Your reply should consist only of the lines from the one holding "AboveTEK MacBook &" to the last line of the data below, written out exactly and without pictures.

▸ **Data segment**:
....

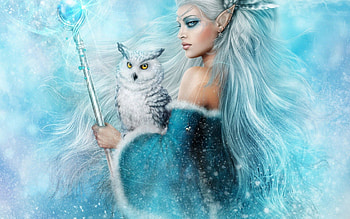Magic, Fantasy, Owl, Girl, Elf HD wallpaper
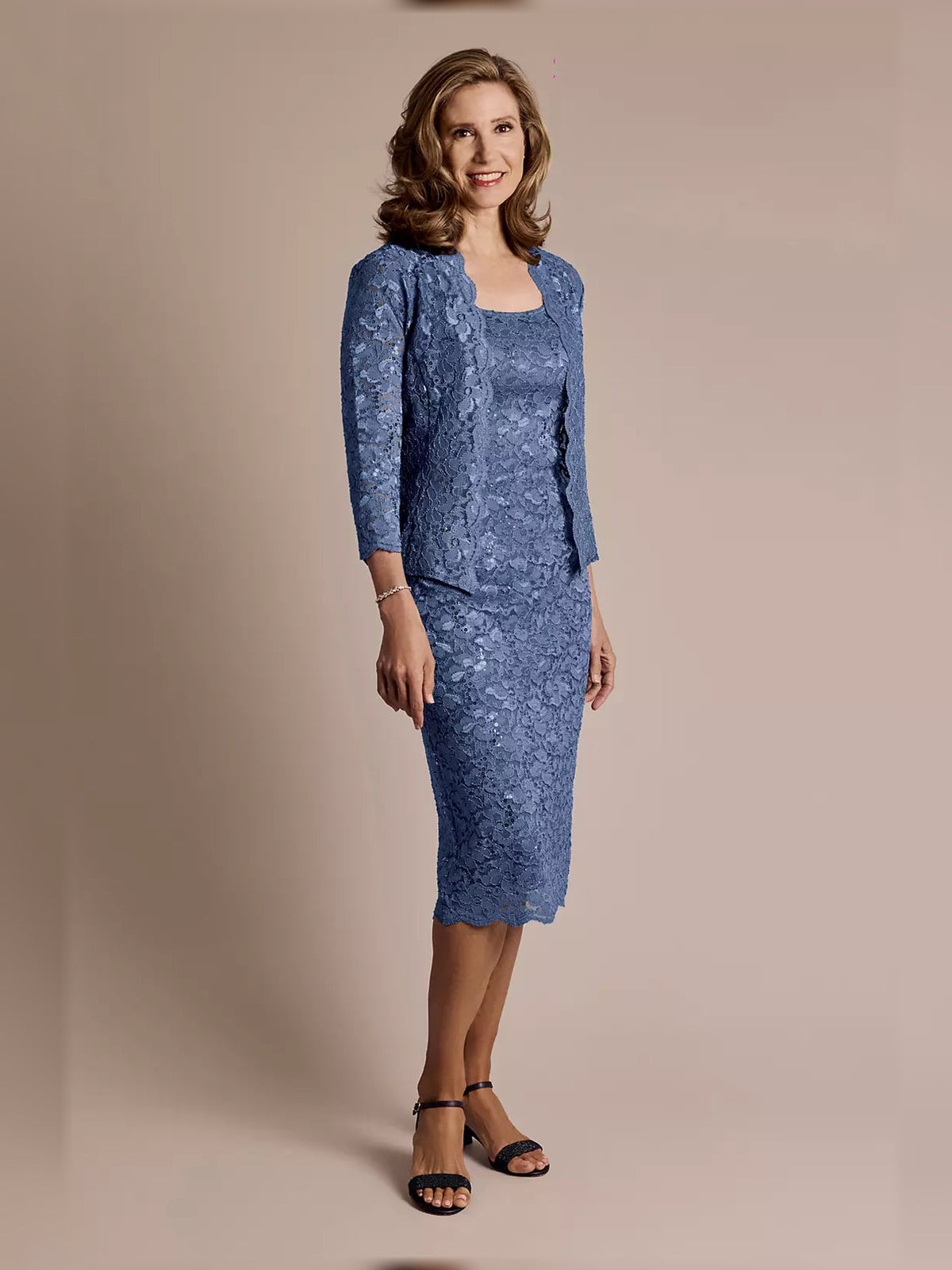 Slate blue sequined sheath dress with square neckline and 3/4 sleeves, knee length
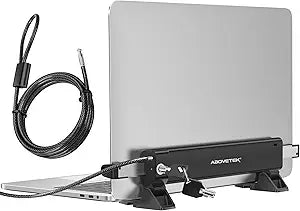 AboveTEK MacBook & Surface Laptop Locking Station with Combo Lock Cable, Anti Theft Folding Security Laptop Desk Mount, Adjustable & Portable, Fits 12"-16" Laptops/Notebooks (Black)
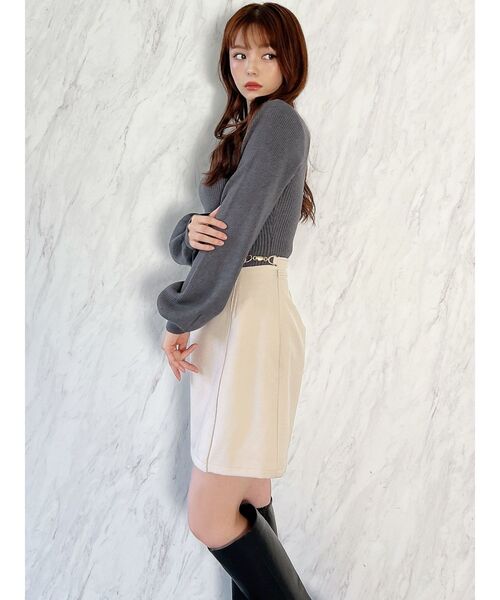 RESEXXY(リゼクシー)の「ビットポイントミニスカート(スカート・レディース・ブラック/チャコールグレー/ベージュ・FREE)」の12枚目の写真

....

▸ **Task result**:
 AboveTEK MacBook & Surface Laptop Locking Station with Combo Lock Cable, Anti Theft Folding Security Laptop Desk Mount, Adjustable & Portable, Fits 12"-16" Laptops/Notebooks (Black)
 RESEXXY(リゼクシー)の「ビットポイントミニスカート(スカート・レディース・ブラック/チャコールグレー/ベージュ・FREE)」の12枚目の写真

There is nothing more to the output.